EXTRACTED INFORMATION:

BEGIN

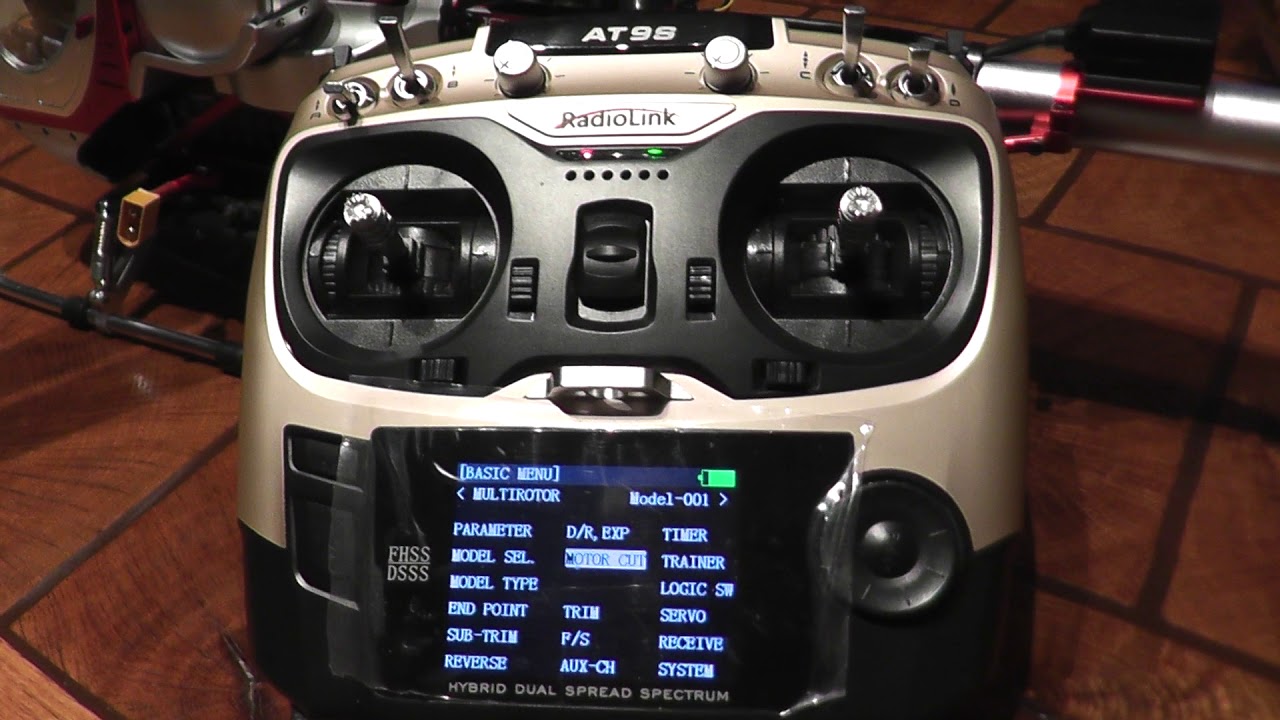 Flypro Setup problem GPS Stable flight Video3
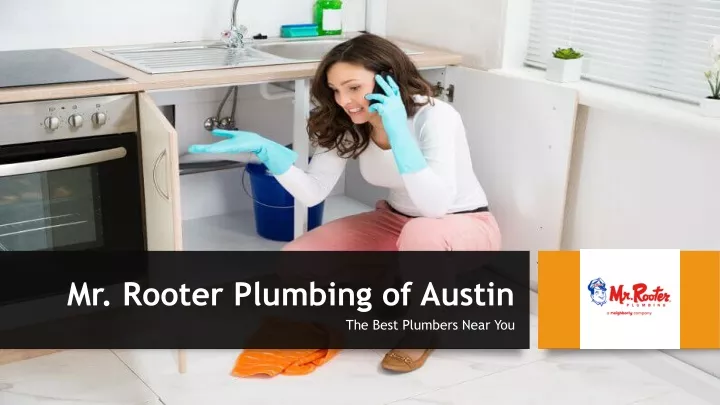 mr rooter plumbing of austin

END
BEGIN

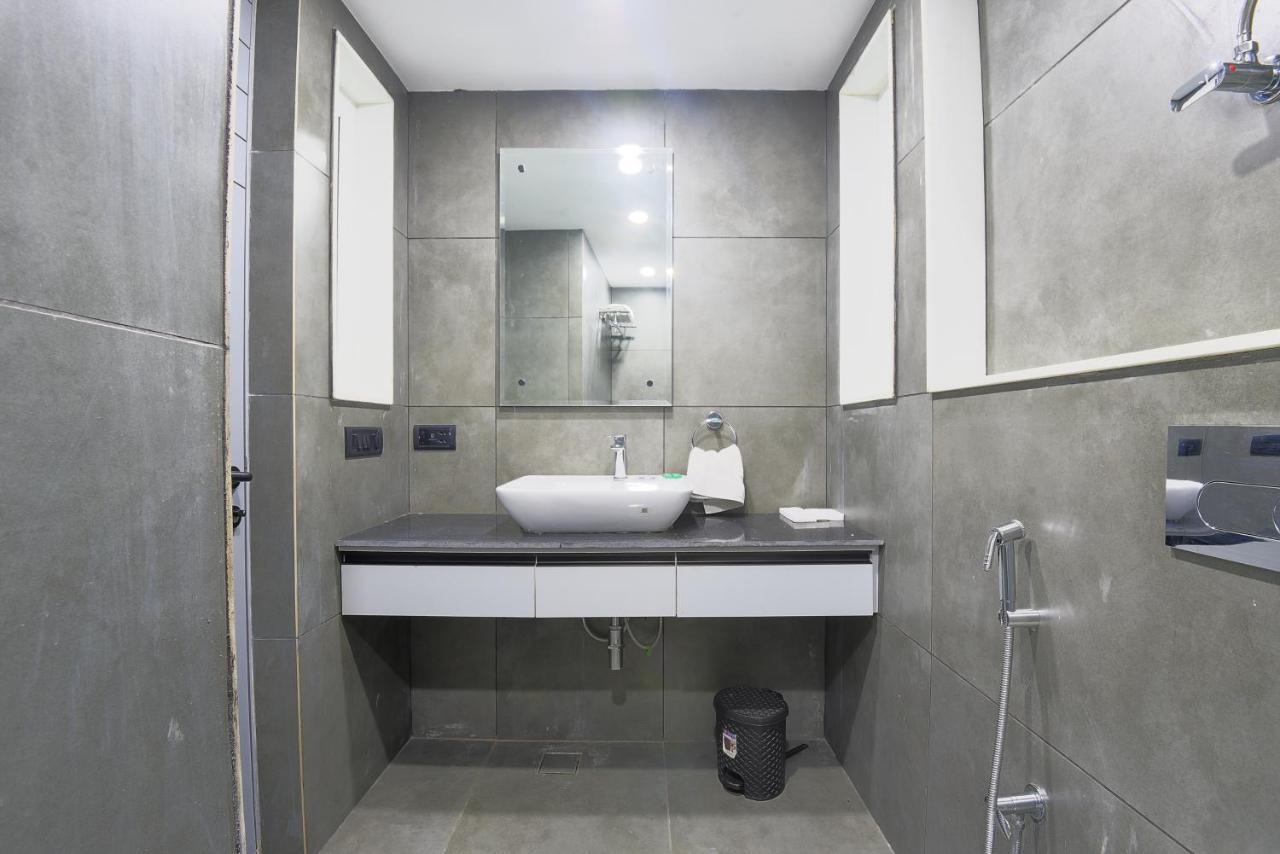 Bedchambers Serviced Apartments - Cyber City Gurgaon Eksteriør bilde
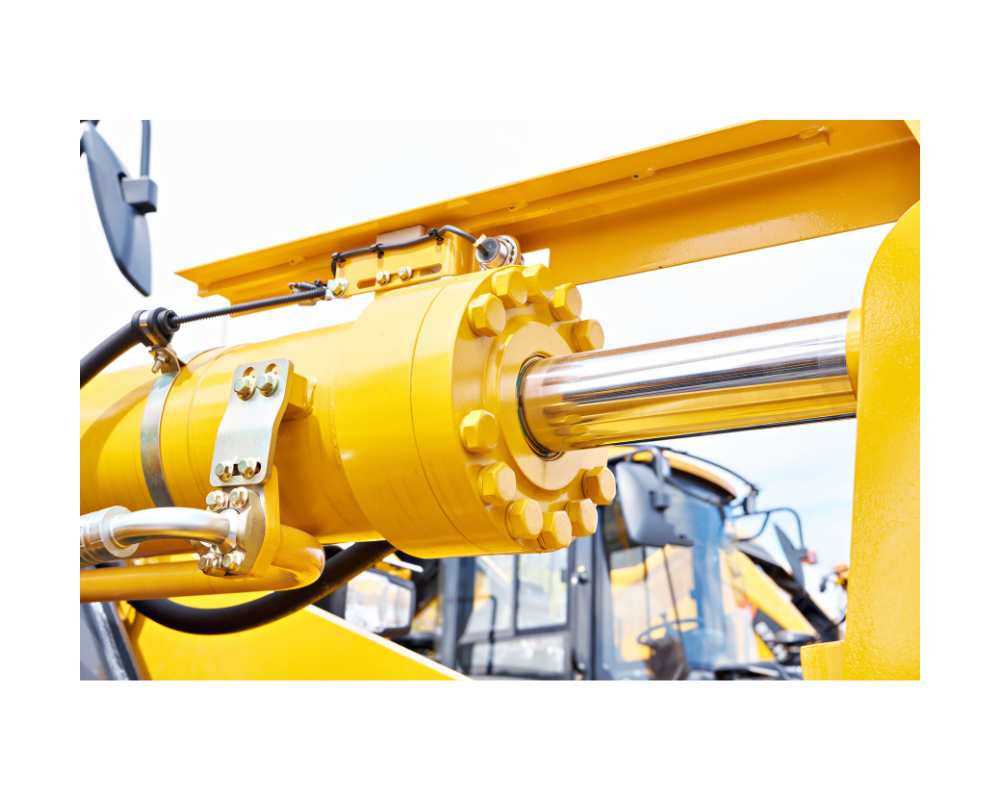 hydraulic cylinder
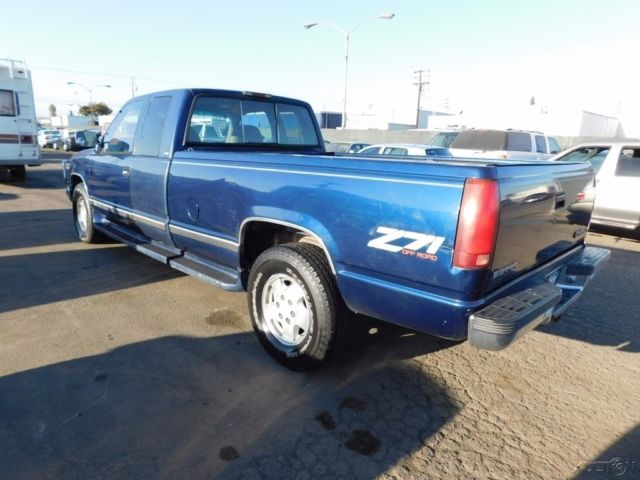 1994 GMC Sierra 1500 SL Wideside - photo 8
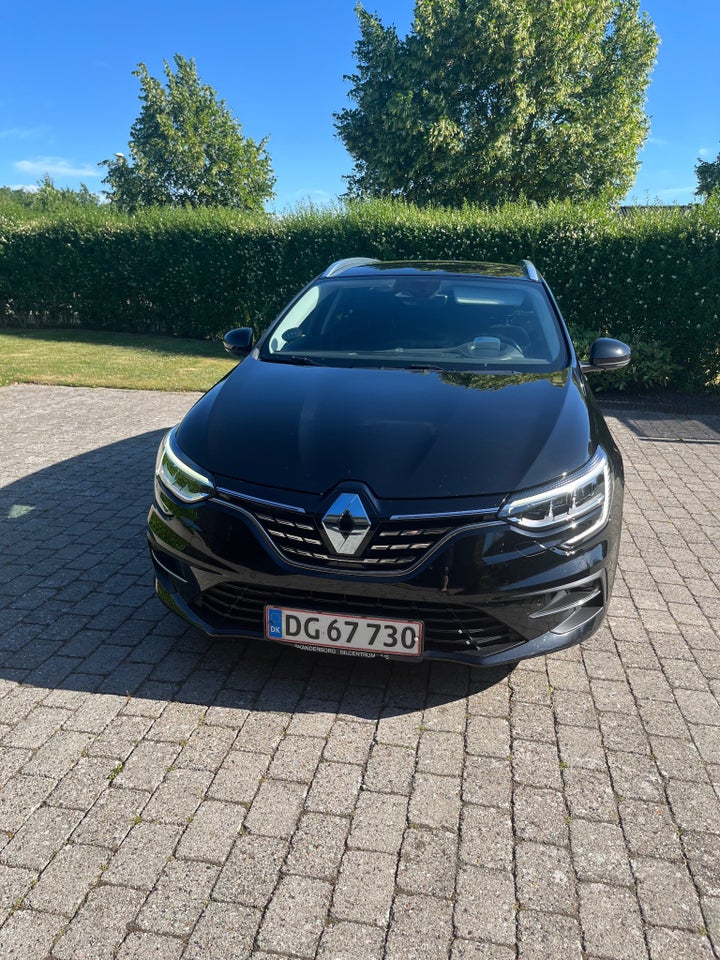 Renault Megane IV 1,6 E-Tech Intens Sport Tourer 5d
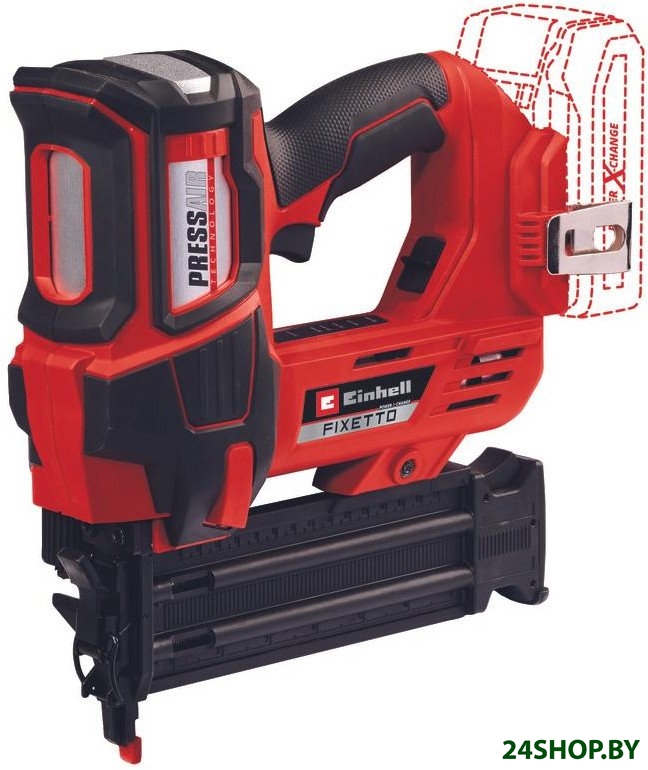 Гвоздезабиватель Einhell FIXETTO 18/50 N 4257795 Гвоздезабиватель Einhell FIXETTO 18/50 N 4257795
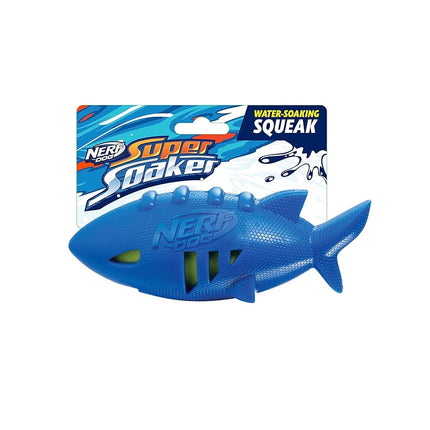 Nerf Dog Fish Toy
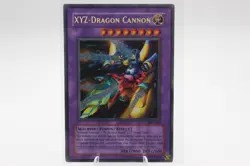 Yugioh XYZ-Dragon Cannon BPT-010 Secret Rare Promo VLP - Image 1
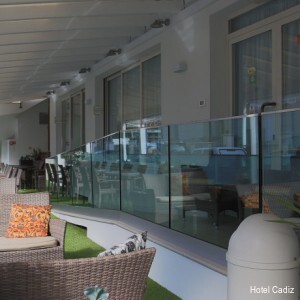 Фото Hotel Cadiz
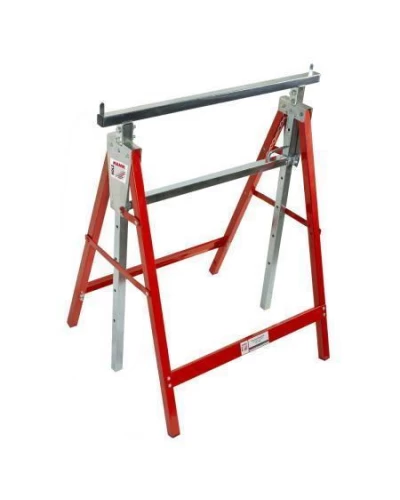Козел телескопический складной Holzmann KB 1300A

END

WORK ITEM:
Beginning with the line holding "Flypro Setup problem" in the material above, restate word for word each line through the line holding "mr rooter plumbing of austin", and exclude pictures.

RESULT BELOW:
 Flypro Setup problem GPS Stable flight Video3
 mr rooter plumbing of austin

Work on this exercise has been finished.